SUPPLIED DATA →
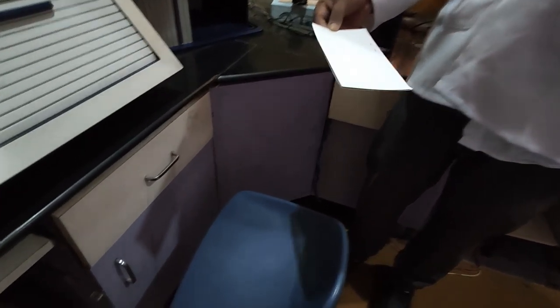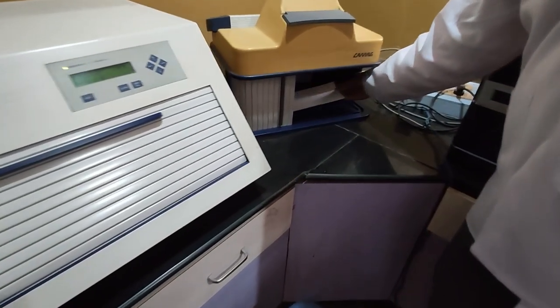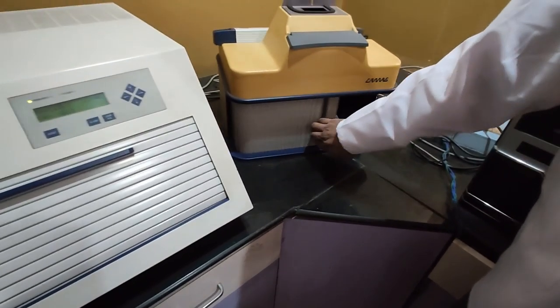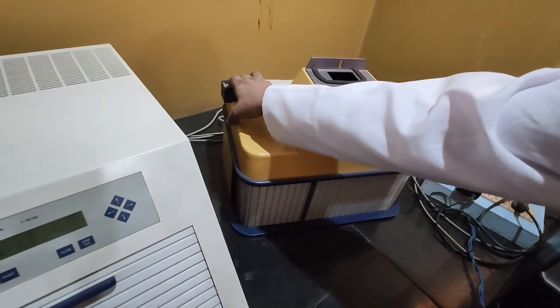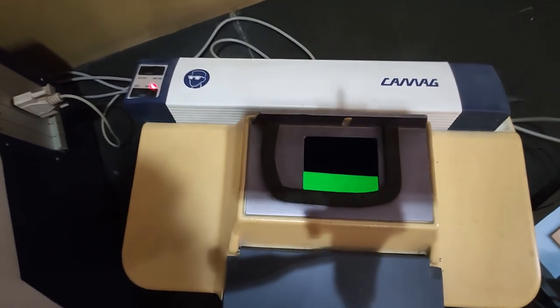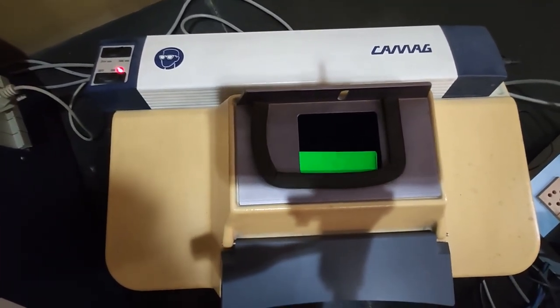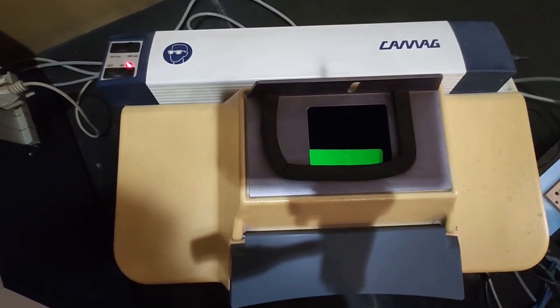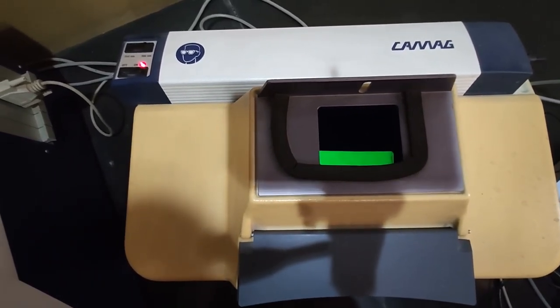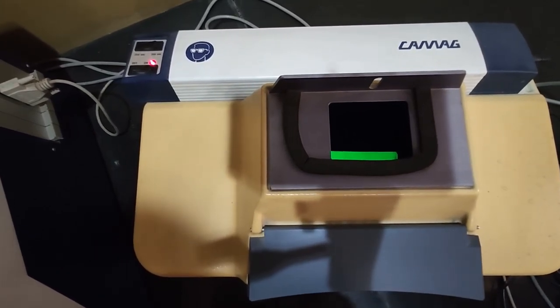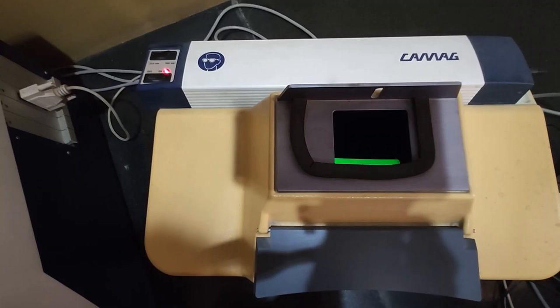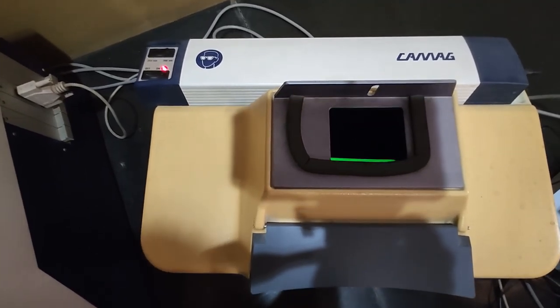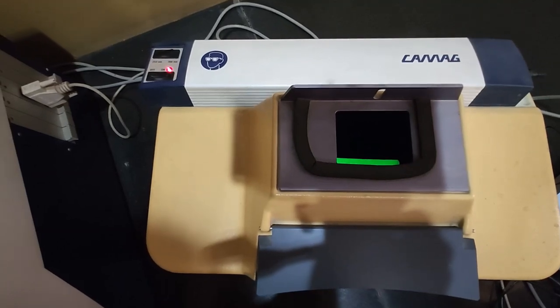This is step 3. Now we have to keep the plates in the visualizer chamber. We can detect the spot. Generally, detection under UV light is the first choice. Non-destructive spot of fluorescent compound can be seen at 250 nanometer.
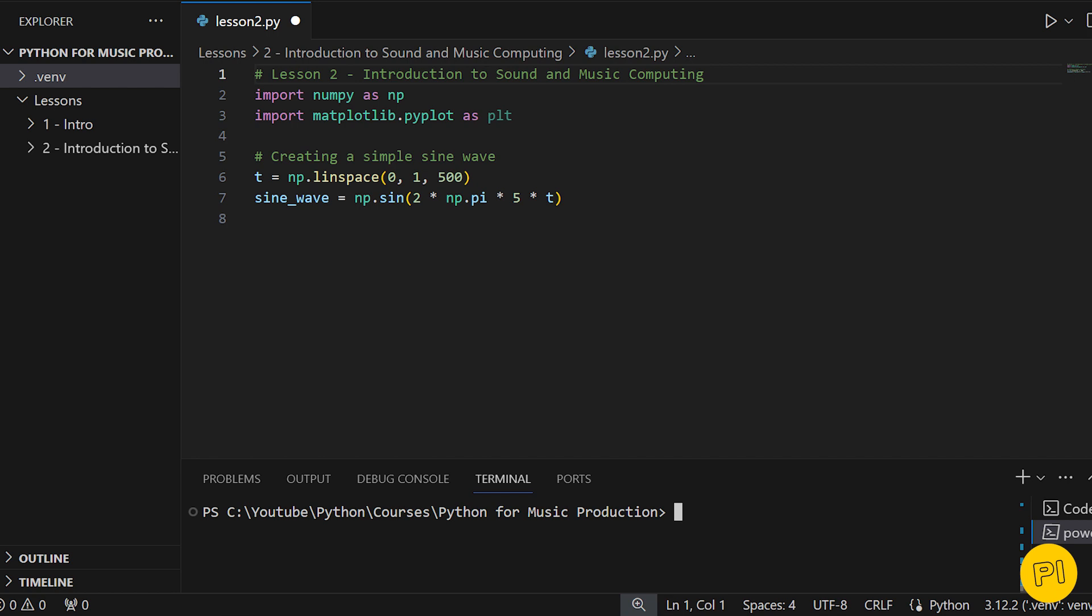Next, we create the sine wave itself. This line of code generates the sine wave by calculating the sine of each point in our time series.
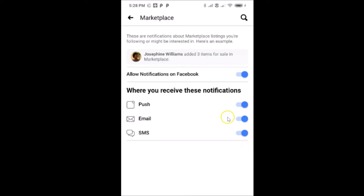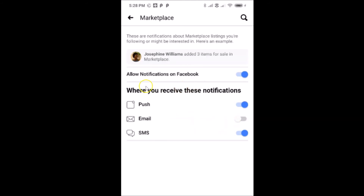You can individually disable any option if you want. For example, if I want to disable email, I just tap on that toggle and move the slider to the left — and you can see it's now disabled. But I want to completely disable all Facebook Marketplace notifications, so let me re-enable that.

DESCRIPTION OF THE TASK → What is needed is every line of the data above, set down exactly but with the images left out.

COMPLETED EXERCISE →
This is step 3. Now we have to keep the plates in the visualizer chamber. We can detect the spot. Generally, detection under UV light is the first choice. Non-destructive spot of fluorescent compound can be seen at 250 nanometer.
Next, we create the sine wave itself. This line of code generates the sine wave by calculating the sine of each point in our time series.
You can individually disable any option if you want. For example, if I want to disable email, I just tap on that toggle and move the slider to the left — and you can see it's now disabled. But I want to completely disable all Facebook Marketplace notifications, so let me re-enable that.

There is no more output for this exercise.